My PCP’s assistant called to ask why I’d cancelled the appointment she’d made. I explained that doctor was a surgeon. I’d already been surged. I needed a different doctor. She was pissed because it hadn’t been easy to get that appointment. She could not grasp the difference between a medical oncologist and a surgeon.
I explained again I didn’t need a surgeon. I have no breasts. I did need my medical records. She said yes, Lisa from UMass had called, but she wasn’t sure where to send them.
“Didn’t Lisa tell you where to send them?” I asked.
“Yes,” she said.
“Then … why don’t you send them where she told you to send them?”
“But you cancelled the appointment I made!” she said.
“I changed the appointment. Actually, Lisa changed it. Because the doctor to which you were sending me was the wrong doctor. Now I have an appointment with the right doctor. I’m not blaming you. Why are you mad at me?” I reassured her I truly appreciated her efforts.
“Oh,” she said. Not “I’m sorry.” Just “oh.”
“Right,” I said.
I subsequently got many calls from Fallon, all wanting to explain again why I was unhappy with their customer service. I said a patient should be able to call and get names of appropriate doctors and basic information about the doctor. This is fundamental to medical care.
Everyone agreed with me, but I was sure nothing would change. Inertia always wins.
The day was only half over; I was not done.
When I finished the marathon calls to Fallon, I got a call from Humana to remind me I hadn’t made a payment this month.
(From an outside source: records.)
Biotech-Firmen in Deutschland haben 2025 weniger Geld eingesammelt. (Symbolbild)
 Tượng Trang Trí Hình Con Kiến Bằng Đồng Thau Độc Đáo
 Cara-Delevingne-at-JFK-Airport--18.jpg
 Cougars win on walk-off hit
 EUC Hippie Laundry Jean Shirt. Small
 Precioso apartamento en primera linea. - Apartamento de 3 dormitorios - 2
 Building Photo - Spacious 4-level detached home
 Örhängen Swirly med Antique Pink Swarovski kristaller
I hadn’t made the payment because I had cancelled the insurance when I switched to a Medicare Advantage (HMO) program. At the end of November, I had signed up with Fallon, then called Humana to cancel my policy as of the first of the year. I was told that as soon as my new program kicked in, the old policy would be automatically cancelled. There was nothing for me to do.
“Are you sure?” I asked.
“Absolutely,” I was told.
In was the middle of March. Humana was harassing me for money. When they called again, I got a person on the phone, pointed out I’d cancelled the plan.
The representative said that he could see in his records I’d called to cancel. I’d been given incorrect information. I had to send them a letter. I could not cancel by phone. I said I signed up by phone. Why did I have to write a letter to cancel?
“Those are the rules,” he said.
“I want to speak to your manager,” I said. He explained that the manager would tell me the same thing. I pointed out that I didn’t care, I wanted to talk to a manager. I didn’t owe them any money.
He said I’d have to file a dispute to not pay them. Although it was their fault and they could see I called to cancel the policy, I would have to fix the problem, though they caused it.
I thought my head would explode.
The manager reiterated indeed they’d given me incorrect information, but it was my problem. Tough luck lady. I hung up, steam coming out of my ears.
I took a breath, called their other customer service department.
The lady I spoke to looked it up, agreed they had given me erroneous information, contacted the cancellation department and assured me it was fixed. I have a name and a number in case it isn’t. I pointed out they had burned a whole year of good will in an hour. And any further harassment and I’d call the Attorney General and report them for sharp business practices.
It had grown dark while all this was going on and as the day had gone from morning to evening.
How come so many incompetent people have jobs? Why are they working when so many more intelligent and better qualified people are out of work? It’s a mystery.